Te observan, e imitan todo lo que haces, incluso si tú no te das cuenta.
Cuando gritamos, ellos gritan; cuando criticamos, ellos critican; cuando estamos de mal humor, se contagian de ese mal humor.
Pero, del mismo modo, cuando somos cariñosos, ellos lo son; cuando cantamos, ellos cantan; cuando rezamos con fervor, ellos rezan con más devoción que ninguno de nosotros; cuando nos tratamos con respeto, ellos aprenden a respetarse y respetarnos; cuando tratamos con dulzura a nuestro bebé, ellos también lo hacen.
Nuestro obrar les guía, les señala el camino. Por eso, por muchos sermones que demos a nuestros hijos, si no somos personas íntegras, de nada sirve.
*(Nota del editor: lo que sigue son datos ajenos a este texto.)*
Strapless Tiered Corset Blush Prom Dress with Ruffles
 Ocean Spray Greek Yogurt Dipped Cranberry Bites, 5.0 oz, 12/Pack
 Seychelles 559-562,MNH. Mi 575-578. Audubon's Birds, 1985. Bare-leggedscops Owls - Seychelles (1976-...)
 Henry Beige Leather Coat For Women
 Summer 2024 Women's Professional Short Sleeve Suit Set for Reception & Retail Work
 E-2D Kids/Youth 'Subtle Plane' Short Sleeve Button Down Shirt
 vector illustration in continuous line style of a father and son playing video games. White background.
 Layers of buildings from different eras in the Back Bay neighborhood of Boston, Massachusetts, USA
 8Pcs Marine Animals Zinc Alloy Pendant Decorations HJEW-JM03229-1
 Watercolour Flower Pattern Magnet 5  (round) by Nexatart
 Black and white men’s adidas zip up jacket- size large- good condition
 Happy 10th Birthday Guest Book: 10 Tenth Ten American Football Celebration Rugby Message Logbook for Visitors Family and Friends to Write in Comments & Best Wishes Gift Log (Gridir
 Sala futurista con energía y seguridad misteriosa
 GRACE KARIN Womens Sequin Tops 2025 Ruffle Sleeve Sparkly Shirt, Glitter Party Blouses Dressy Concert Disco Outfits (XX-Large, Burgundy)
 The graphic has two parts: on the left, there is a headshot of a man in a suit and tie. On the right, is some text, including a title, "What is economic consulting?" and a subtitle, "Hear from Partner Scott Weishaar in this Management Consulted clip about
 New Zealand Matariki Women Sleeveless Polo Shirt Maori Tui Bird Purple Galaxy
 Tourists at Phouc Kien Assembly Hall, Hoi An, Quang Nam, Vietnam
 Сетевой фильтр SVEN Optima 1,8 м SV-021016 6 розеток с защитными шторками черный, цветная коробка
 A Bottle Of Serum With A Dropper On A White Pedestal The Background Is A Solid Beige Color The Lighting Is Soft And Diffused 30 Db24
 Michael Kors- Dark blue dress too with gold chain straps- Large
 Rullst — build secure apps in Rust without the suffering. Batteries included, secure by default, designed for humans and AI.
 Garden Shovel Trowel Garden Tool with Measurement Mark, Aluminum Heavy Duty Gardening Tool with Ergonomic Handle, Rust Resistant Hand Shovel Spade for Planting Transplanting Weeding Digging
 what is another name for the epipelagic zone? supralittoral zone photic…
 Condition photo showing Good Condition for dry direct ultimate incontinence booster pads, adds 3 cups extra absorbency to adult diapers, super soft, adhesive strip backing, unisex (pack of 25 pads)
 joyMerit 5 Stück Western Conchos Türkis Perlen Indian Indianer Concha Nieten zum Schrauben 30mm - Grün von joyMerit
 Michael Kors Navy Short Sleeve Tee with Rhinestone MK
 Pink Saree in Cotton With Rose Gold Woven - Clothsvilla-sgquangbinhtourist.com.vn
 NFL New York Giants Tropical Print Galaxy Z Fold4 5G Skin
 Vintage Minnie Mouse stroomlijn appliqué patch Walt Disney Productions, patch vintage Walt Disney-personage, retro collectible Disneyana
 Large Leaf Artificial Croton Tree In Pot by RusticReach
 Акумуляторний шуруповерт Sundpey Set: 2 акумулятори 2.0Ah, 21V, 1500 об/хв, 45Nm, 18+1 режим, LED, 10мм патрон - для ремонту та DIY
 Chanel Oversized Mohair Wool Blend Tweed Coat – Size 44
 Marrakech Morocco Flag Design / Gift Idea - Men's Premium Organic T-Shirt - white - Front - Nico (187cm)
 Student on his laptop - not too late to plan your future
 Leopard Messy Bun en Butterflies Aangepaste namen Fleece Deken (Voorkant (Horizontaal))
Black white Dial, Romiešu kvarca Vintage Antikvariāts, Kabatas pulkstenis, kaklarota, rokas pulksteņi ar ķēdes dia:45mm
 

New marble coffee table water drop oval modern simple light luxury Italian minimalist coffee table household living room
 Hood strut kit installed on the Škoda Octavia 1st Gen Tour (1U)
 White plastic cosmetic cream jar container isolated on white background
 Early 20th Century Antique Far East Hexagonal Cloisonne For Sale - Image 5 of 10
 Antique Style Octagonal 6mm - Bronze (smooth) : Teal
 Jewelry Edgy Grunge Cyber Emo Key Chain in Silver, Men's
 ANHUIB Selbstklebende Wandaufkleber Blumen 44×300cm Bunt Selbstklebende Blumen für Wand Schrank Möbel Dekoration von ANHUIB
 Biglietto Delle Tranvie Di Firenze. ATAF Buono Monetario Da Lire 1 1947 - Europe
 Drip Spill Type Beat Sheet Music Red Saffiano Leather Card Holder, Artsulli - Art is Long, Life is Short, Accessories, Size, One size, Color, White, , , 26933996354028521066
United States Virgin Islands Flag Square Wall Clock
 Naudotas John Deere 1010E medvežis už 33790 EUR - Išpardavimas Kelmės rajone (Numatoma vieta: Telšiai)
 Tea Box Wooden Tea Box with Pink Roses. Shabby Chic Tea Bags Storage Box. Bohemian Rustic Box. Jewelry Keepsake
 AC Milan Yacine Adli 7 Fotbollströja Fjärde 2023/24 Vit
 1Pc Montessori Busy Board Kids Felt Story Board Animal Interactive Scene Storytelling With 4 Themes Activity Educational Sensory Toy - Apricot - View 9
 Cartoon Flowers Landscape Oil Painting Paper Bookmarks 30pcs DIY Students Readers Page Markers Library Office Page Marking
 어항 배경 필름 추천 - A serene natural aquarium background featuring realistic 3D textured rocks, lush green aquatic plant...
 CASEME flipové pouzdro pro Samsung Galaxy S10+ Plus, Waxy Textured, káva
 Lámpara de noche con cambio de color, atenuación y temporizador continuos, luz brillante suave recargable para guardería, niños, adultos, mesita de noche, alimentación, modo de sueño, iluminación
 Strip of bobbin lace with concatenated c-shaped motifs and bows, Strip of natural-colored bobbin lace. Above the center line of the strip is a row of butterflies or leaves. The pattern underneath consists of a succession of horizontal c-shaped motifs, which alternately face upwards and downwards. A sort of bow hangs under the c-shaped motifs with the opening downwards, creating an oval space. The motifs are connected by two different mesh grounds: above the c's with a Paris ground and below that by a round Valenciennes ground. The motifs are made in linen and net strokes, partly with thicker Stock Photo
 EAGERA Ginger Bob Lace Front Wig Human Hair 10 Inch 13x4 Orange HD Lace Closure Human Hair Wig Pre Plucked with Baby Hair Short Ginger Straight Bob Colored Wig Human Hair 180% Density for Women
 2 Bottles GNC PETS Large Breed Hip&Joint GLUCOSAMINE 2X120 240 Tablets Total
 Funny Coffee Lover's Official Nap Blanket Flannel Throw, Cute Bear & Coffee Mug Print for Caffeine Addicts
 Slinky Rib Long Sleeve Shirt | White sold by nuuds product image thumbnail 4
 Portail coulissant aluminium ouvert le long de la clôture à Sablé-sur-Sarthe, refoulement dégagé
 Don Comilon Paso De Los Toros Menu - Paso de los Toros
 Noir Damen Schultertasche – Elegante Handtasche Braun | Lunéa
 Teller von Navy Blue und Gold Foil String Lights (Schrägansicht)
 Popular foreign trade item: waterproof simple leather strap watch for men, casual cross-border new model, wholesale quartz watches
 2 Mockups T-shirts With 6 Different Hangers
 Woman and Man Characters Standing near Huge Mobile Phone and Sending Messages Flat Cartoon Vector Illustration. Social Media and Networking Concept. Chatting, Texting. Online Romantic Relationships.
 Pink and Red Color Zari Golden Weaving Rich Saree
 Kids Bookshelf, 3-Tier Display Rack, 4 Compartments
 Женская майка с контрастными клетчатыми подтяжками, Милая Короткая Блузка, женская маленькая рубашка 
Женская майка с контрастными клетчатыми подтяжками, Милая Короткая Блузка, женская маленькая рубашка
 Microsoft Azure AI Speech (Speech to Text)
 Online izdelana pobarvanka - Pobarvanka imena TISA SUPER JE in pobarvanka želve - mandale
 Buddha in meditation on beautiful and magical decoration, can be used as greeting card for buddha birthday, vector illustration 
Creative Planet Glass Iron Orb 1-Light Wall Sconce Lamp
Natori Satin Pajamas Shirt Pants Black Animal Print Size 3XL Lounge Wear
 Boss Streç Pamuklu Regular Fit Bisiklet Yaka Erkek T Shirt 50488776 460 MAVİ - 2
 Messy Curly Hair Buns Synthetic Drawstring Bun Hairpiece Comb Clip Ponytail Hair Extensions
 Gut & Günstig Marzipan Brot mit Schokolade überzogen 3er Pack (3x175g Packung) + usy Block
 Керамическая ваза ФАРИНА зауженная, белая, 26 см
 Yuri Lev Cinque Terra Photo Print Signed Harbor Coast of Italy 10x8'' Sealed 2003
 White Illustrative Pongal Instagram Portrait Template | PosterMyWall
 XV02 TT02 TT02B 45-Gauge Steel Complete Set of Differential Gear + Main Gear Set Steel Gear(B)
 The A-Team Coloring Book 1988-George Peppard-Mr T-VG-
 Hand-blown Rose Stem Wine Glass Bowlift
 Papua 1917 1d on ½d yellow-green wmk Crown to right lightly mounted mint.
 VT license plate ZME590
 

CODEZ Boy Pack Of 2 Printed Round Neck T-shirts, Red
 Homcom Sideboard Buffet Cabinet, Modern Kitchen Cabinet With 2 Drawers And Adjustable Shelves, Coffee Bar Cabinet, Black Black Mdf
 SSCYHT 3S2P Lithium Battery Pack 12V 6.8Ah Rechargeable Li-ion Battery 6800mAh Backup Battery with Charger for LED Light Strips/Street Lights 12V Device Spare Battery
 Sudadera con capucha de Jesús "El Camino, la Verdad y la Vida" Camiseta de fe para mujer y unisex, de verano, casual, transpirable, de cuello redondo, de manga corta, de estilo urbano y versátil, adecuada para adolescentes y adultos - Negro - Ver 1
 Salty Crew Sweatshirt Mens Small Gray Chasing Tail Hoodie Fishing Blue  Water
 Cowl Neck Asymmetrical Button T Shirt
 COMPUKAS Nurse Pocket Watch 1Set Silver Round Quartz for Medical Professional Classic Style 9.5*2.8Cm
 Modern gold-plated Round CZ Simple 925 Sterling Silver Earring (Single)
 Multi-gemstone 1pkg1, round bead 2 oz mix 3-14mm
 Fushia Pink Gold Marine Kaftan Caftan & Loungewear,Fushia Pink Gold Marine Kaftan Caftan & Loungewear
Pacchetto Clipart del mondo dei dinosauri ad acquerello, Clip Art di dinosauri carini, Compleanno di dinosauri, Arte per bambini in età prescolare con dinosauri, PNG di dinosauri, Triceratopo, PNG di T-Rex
Pero también al contrario, si nos esforzamos en ser personas ejemplares, alegres, honestas, respetuosas y respetables, ellos aprenderán a ser también así. Por eso, el primer paso que hemos de dar para educarles es el de educarnos a nosotros mismos y procurar ser el mejor ejemplo de vida para nuestros hijos. Porque quizá nuestros sermones no los escuchen, ni siquiera los oigan, pero el testimonio que les demos en nuestro día a día quedará para siempre.
Hace poco leí una frase que lo explica a la perfección: "es más fácil enseñar que educar, porque para enseñar necesitas ´saber´, pero para educar se requiere ´ser´". Por ahí empieza la educación, por nosotros mismos.